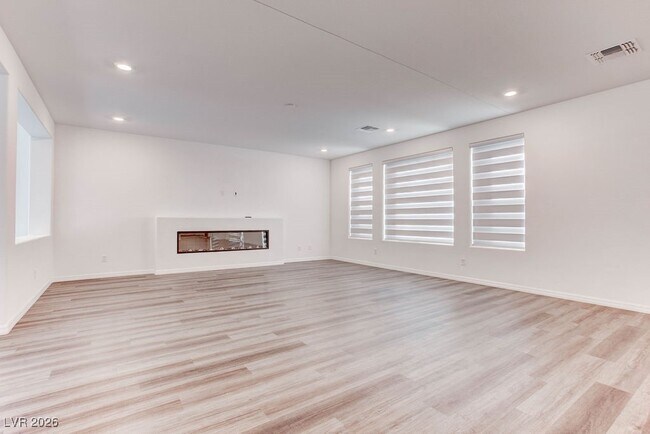 Building Photo - 10269 Lofty Knl St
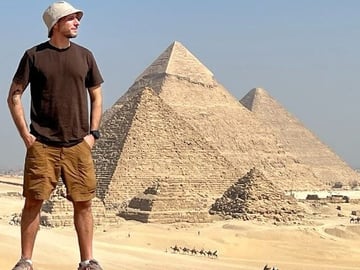 Luxury Pyramids Full Day Tour with Tour Guide and Private Car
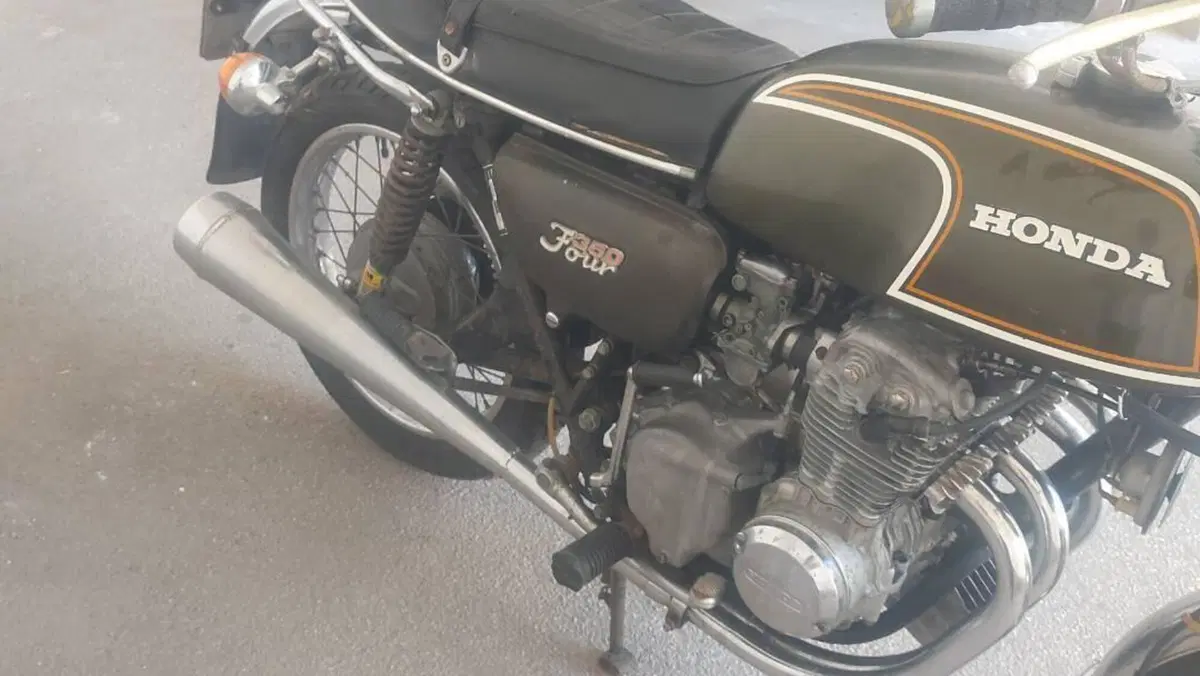 Honda   (4)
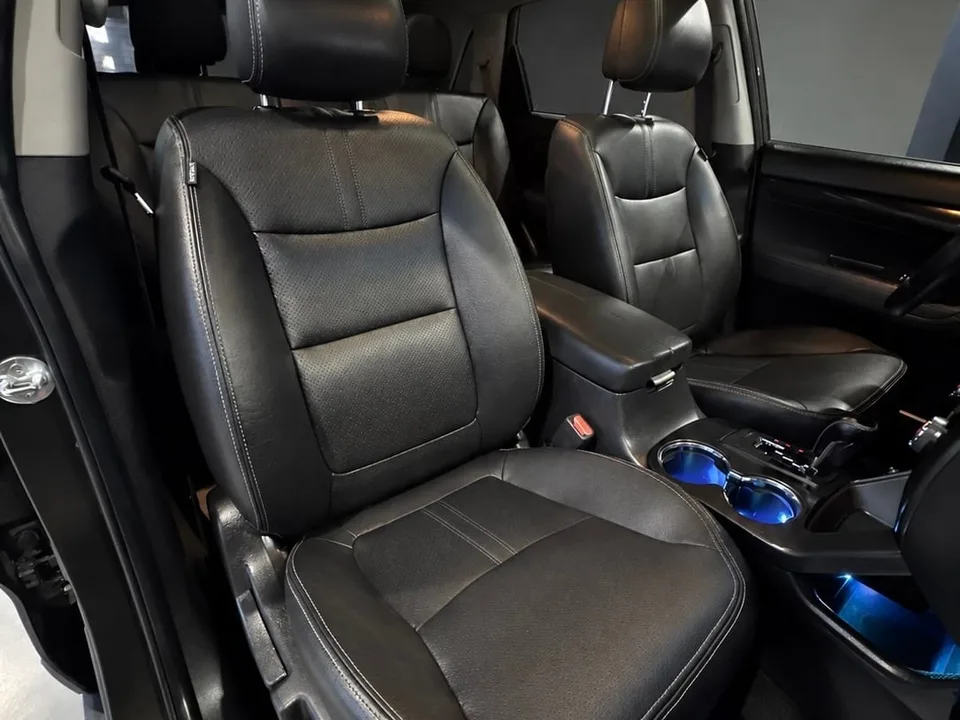 2011 Kia Sorento EX — Interior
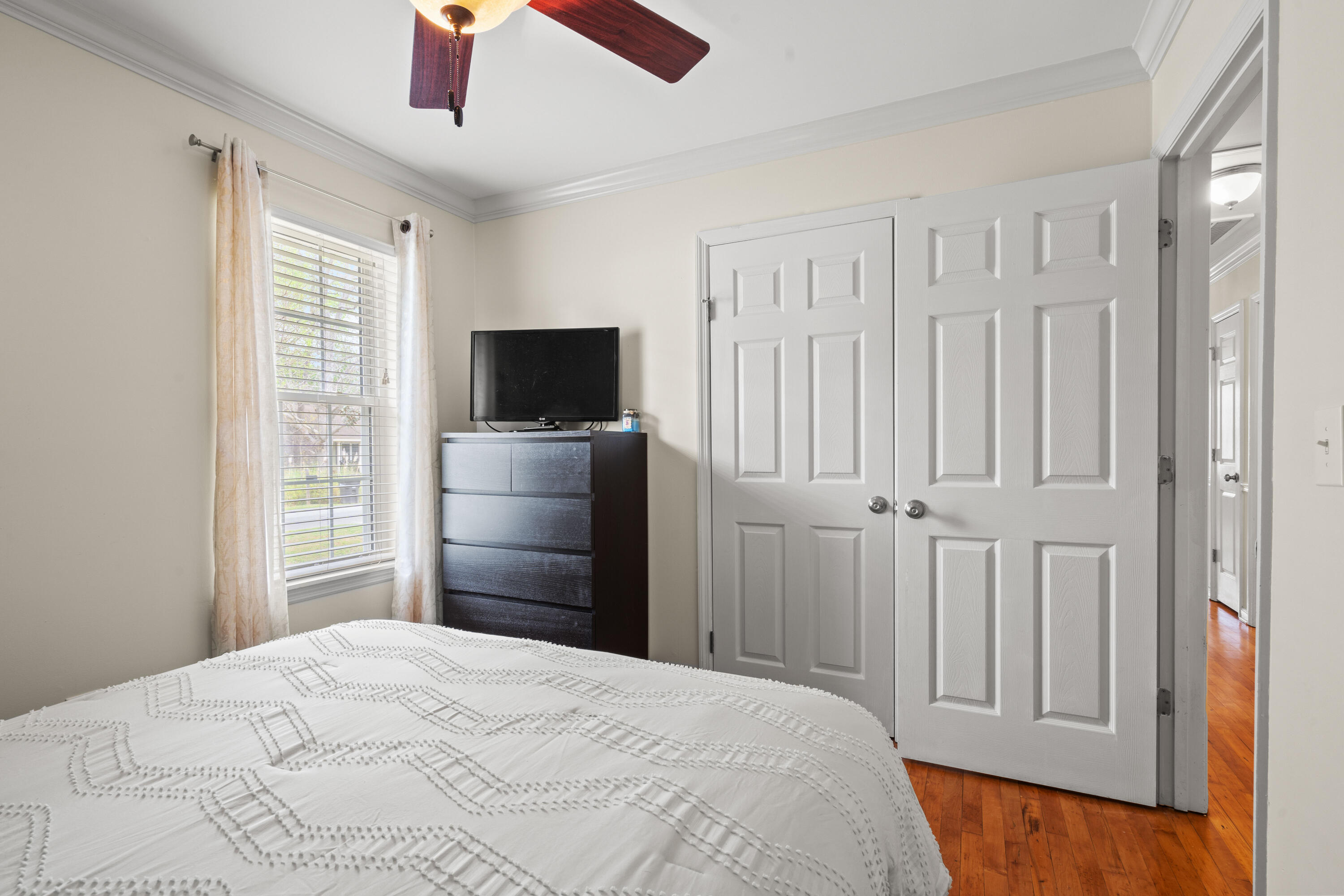 1515 Wakendaw Road Mount Pleasant, SC 29464 - Photo 18 of 30 EYE00130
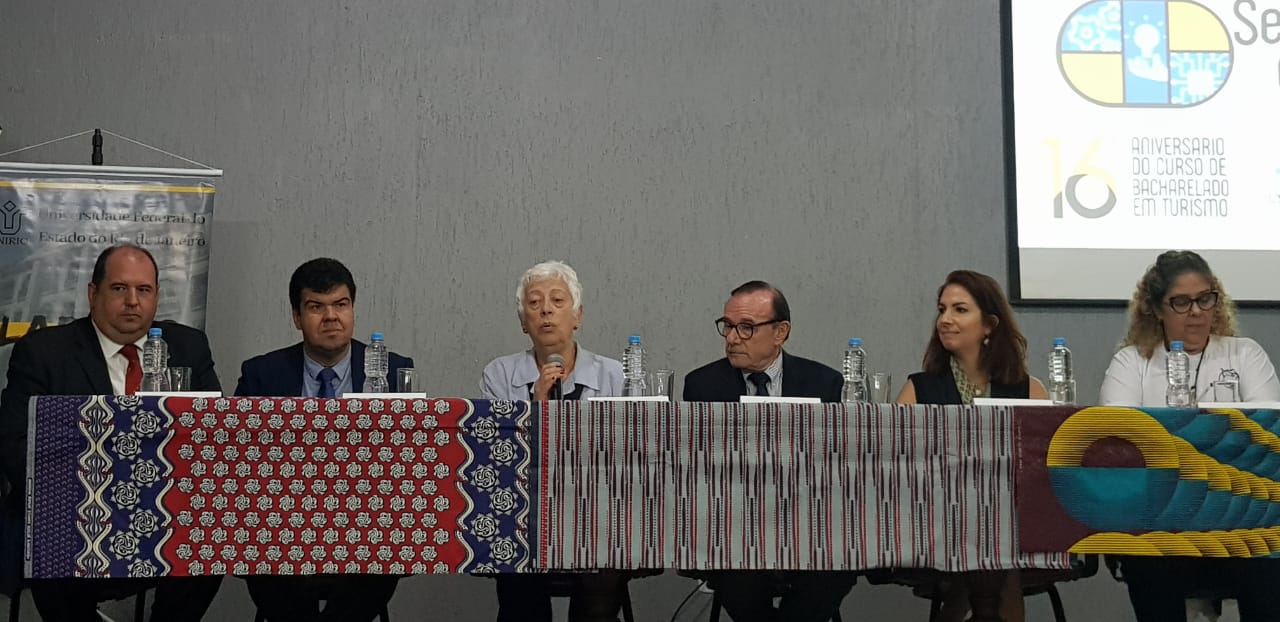 Mesa de Comemoração do Aniversário do Curso de Bacharelado em Turismo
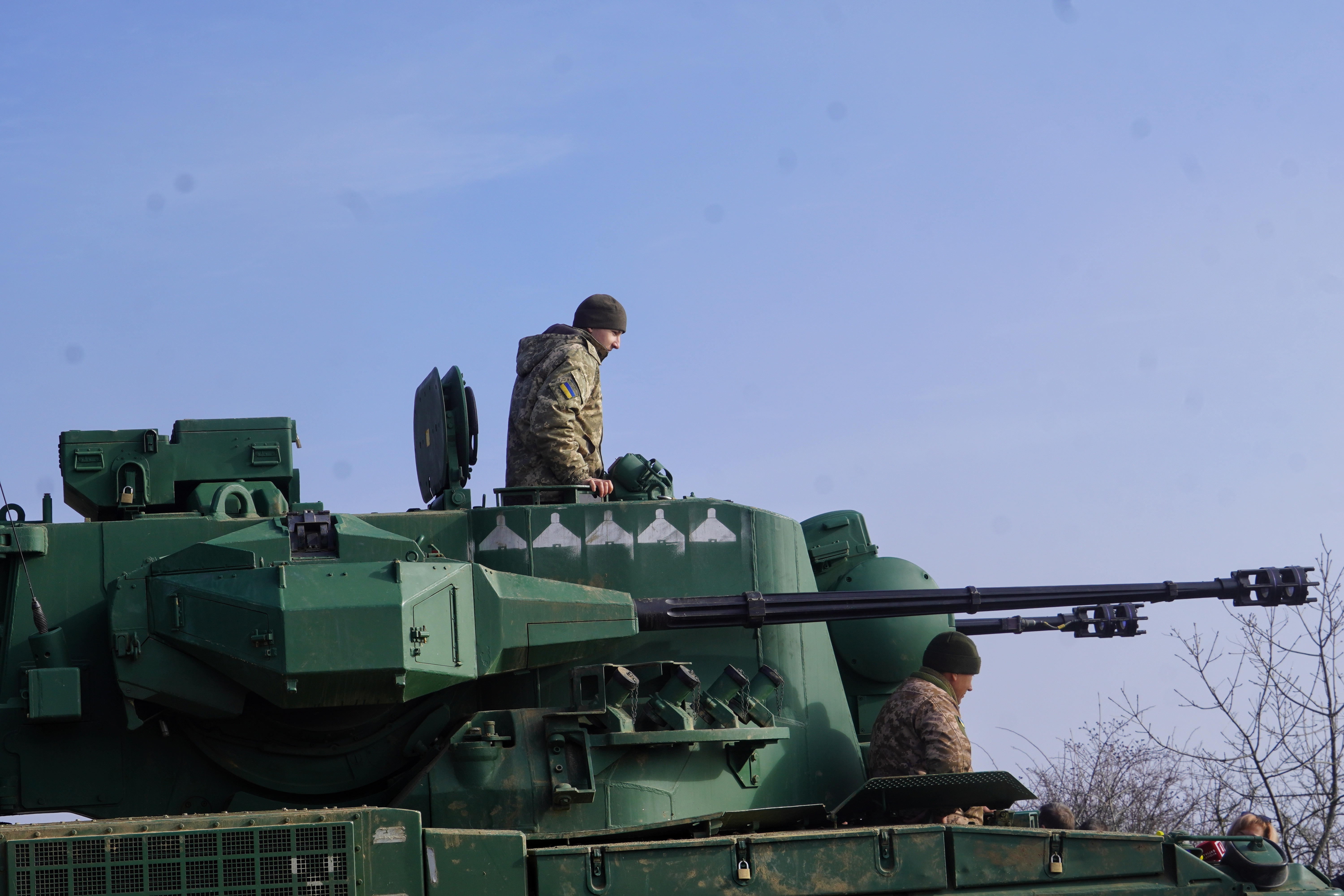 Українські військовослужбовці на німецькій зенітній самохідній артилерійській установці Gepard. Fot. PAP/Alena Solomonova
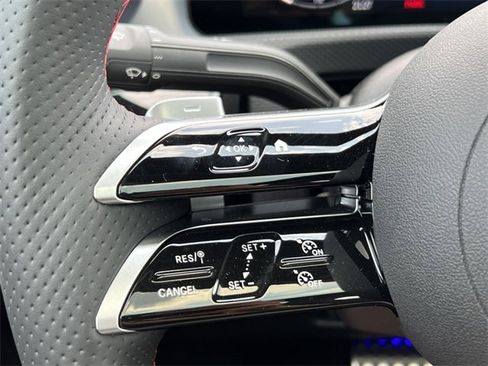 Certified 2025 Mercedes-Benz CLA 250 4MATIC image 19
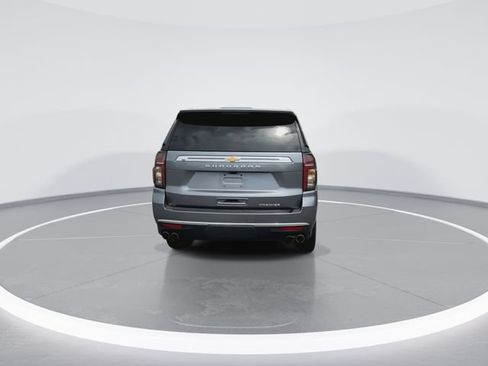 Used 2021 Chevrolet Suburban Premier w/ Premium Package AWD/4WD image 10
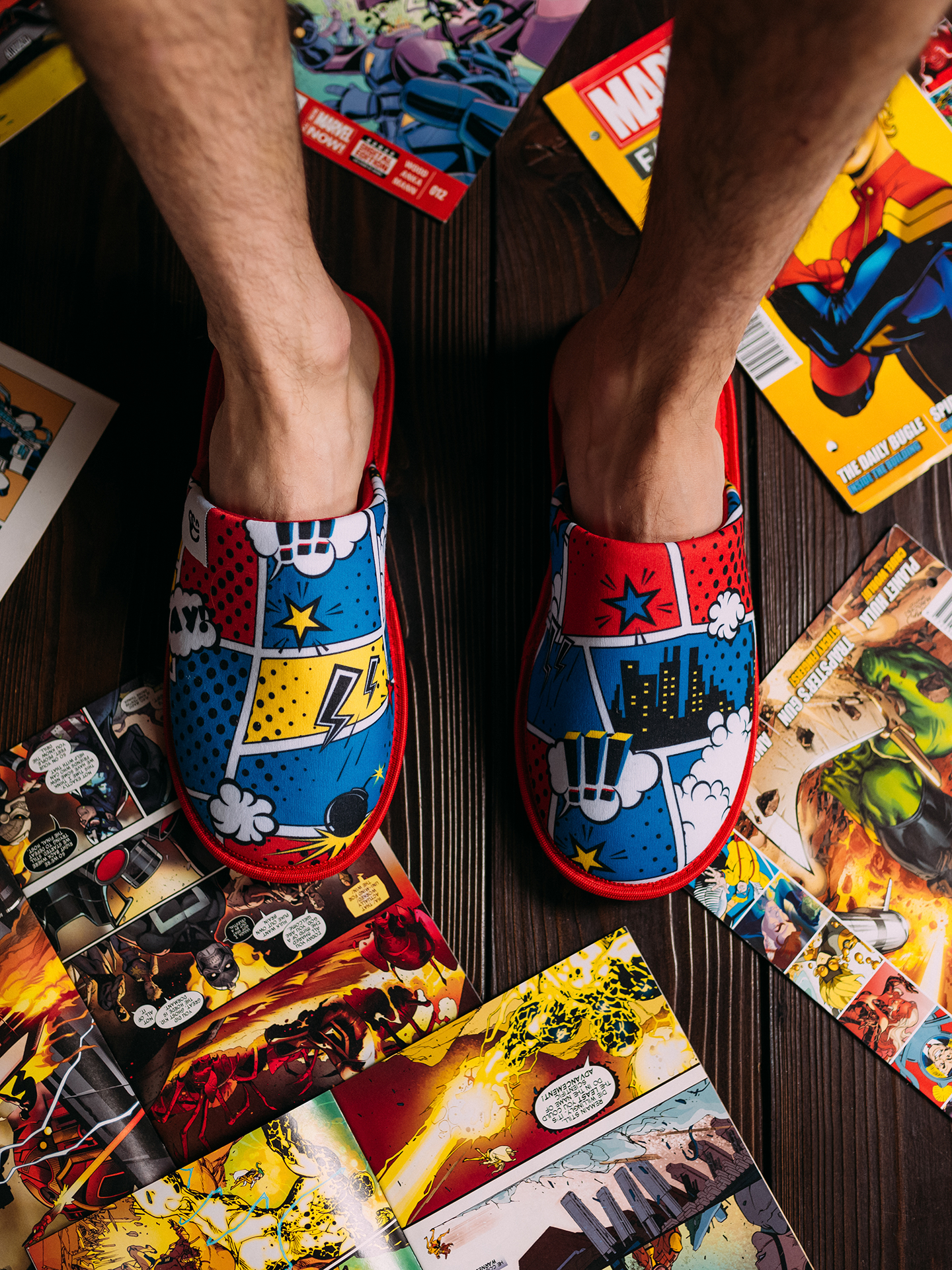 Pantoufles Bandes dessinées colorées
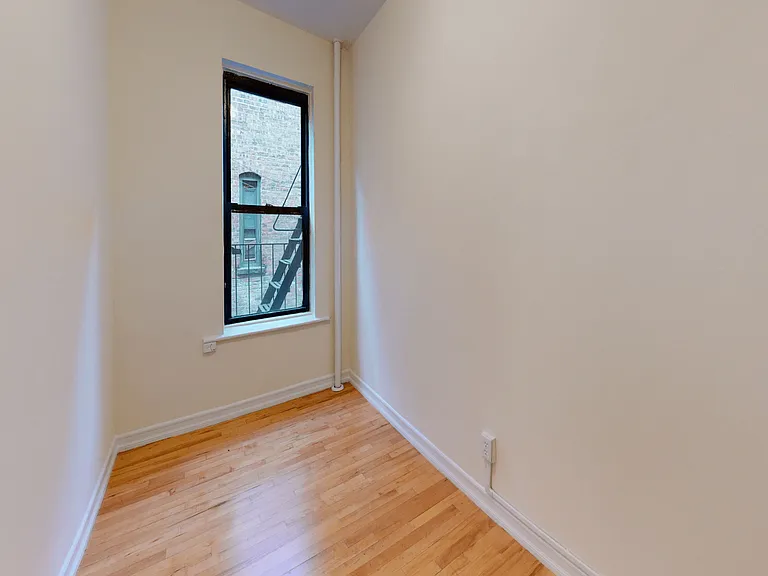 236 E 13th St #24021 — Photo 3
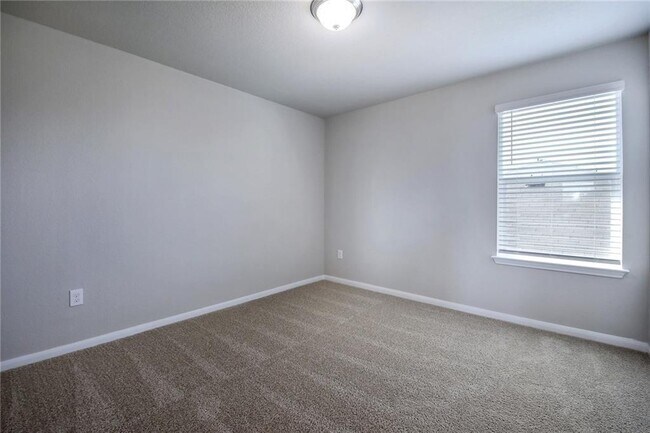 Building Photo - 13935 Belzer Dr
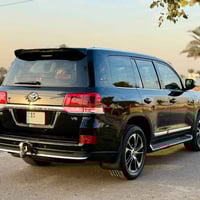 لاندكروز 2021 GXR بريم  (( نظيفة وجديدة بمعنى الكلمة )) ماشيه 60 الف ح...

========

▸ Work to complete: Please transcribe word for word the lines from the one bearing "Українські військовослужбовці на" through the last line of the records above, omitting the pictures.

▸ Answer:
 Українські військовослужбовці на німецькій зенітній самохідній артилерійській установці Gepard. Fot. PAP/Alena Solomonova
 Certified 2025 Mercedes-Benz CLA 250 4MATIC image 19
 Used 2021 Chevrolet Suburban Premier w/ Premium Package AWD/4WD image 10
 Pantoufles Bandes dessinées colorées
 236 E 13th St #24021 — Photo 3
 Building Photo - 13935 Belzer Dr
 لاندكروز 2021 GXR بريم  (( نظيفة وجديدة بمعنى الكلمة )) ماشيه 60 الف ح...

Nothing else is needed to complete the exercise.